» **Input records**
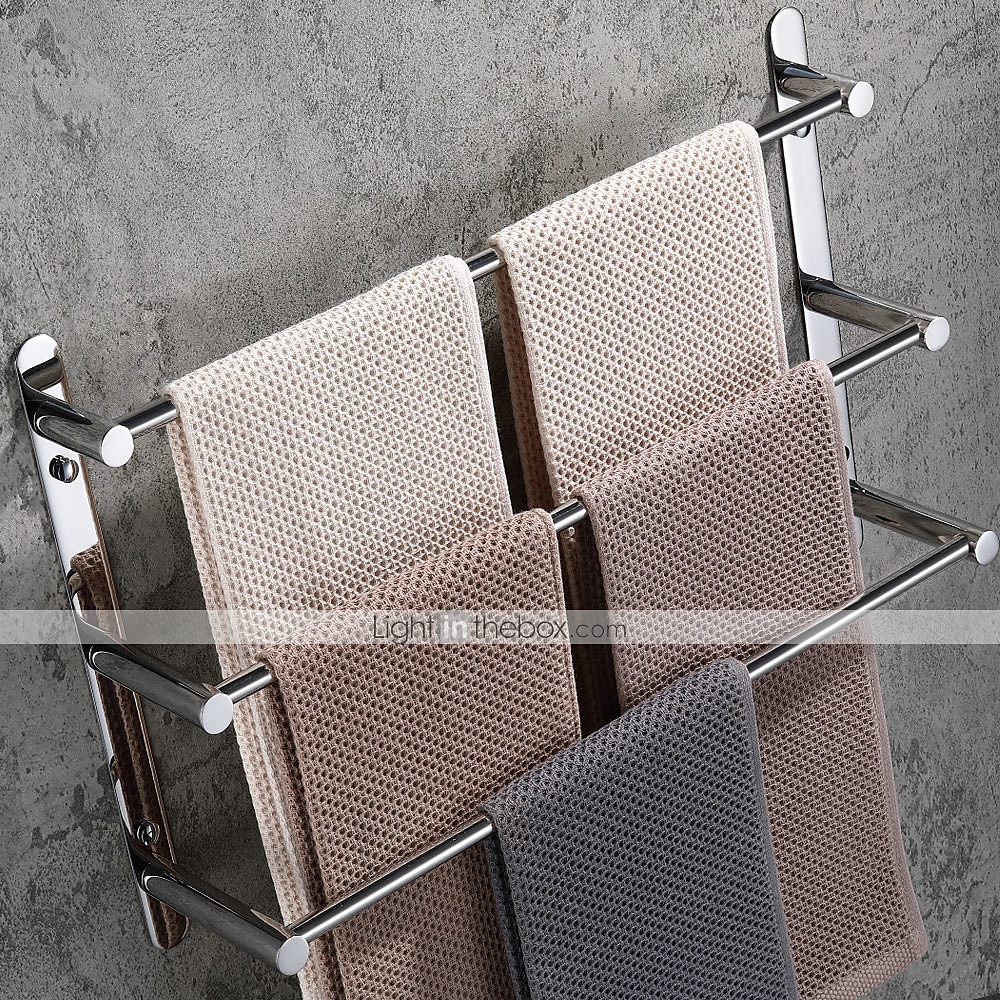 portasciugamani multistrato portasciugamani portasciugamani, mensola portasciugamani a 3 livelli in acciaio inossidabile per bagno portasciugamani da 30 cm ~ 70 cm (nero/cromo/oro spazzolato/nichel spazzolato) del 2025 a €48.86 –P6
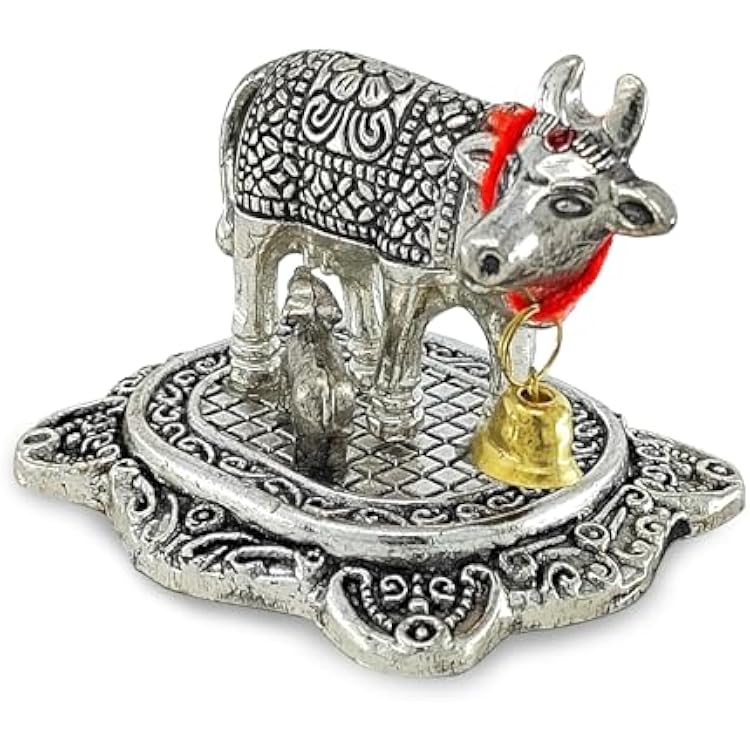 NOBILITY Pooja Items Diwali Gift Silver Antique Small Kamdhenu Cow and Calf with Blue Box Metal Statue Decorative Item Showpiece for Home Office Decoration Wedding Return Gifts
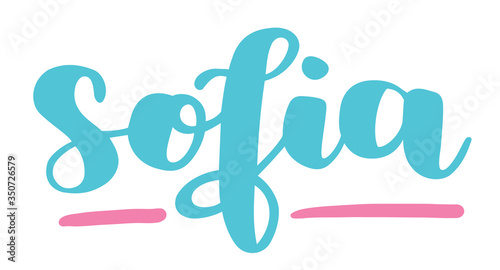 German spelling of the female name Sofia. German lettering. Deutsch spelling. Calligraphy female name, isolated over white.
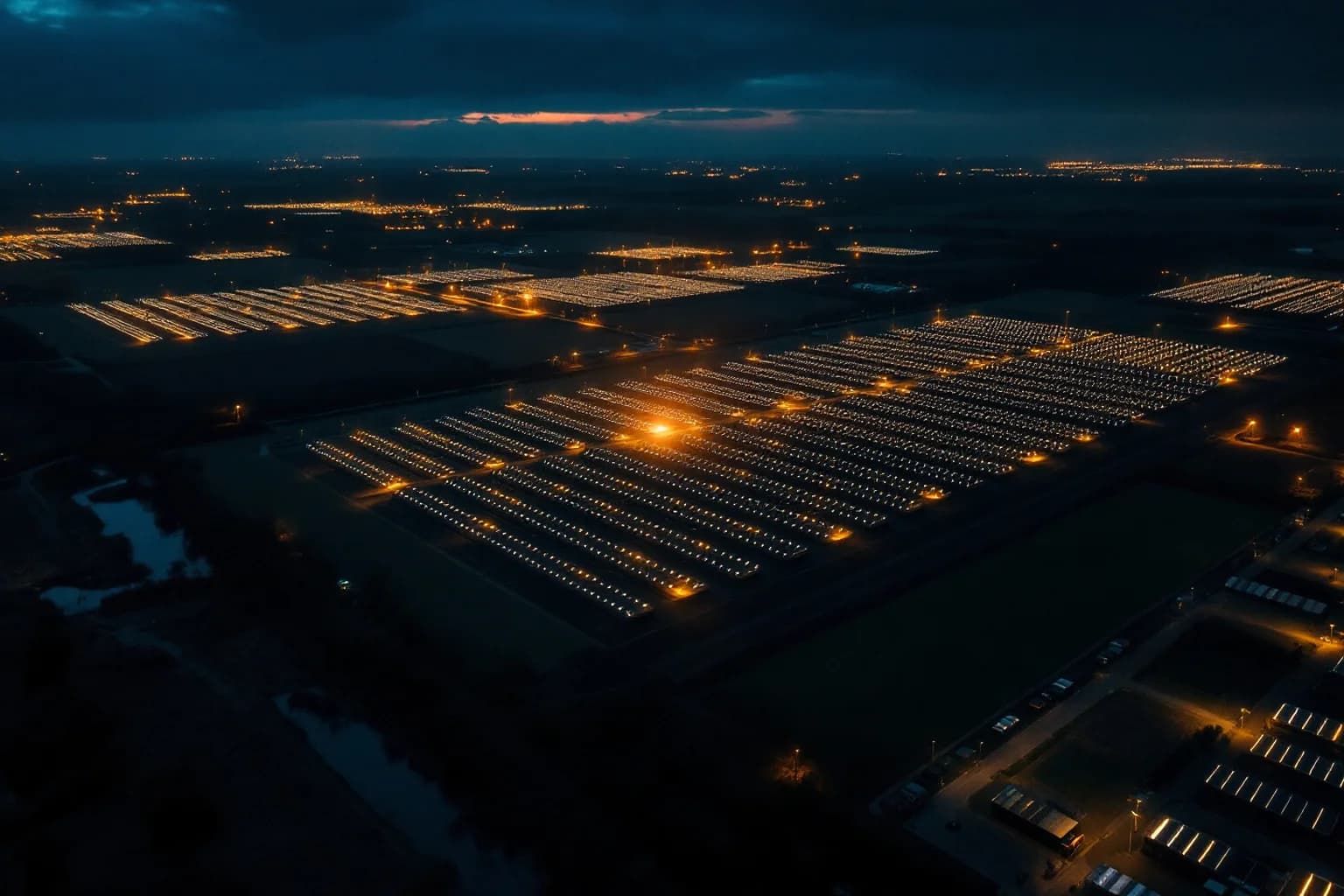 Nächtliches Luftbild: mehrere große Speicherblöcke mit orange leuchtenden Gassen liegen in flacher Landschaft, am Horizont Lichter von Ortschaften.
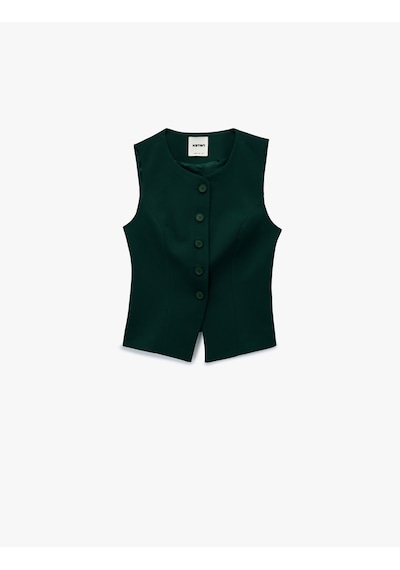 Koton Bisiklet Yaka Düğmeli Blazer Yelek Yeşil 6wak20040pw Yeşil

---

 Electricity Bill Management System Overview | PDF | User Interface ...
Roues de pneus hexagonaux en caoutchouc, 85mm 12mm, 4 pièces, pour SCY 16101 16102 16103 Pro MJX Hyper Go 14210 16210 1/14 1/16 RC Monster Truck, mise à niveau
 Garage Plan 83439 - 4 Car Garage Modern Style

» **Assigned task**
In the listing above, find the line containing "portasciugamani multistrato portasciugamani" and the line containing "Nächtliches Luftbild: mehrere". Print those two lines and every line between them exactly, with no pictures.

» **Answer box**
 portasciugamani multistrato portasciugamani portasciugamani, mensola portasciugamani a 3 livelli in acciaio inossidabile per bagno portasciugamani da 30 cm ~ 70 cm (nero/cromo/oro spazzolato/nichel spazzolato) del 2025 a €48.86 –P6
 NOBILITY Pooja Items Diwali Gift Silver Antique Small Kamdhenu Cow and Calf with Blue Box Metal Statue Decorative Item Showpiece for Home Office Decoration Wedding Return Gifts
 German spelling of the female name Sofia. German lettering. Deutsch spelling. Calligraphy female name, isolated over white.
 Nächtliches Luftbild: mehrere große Speicherblöcke mit orange leuchtenden Gassen liegen in flacher Landschaft, am Horizont Lichter von Ortschaften.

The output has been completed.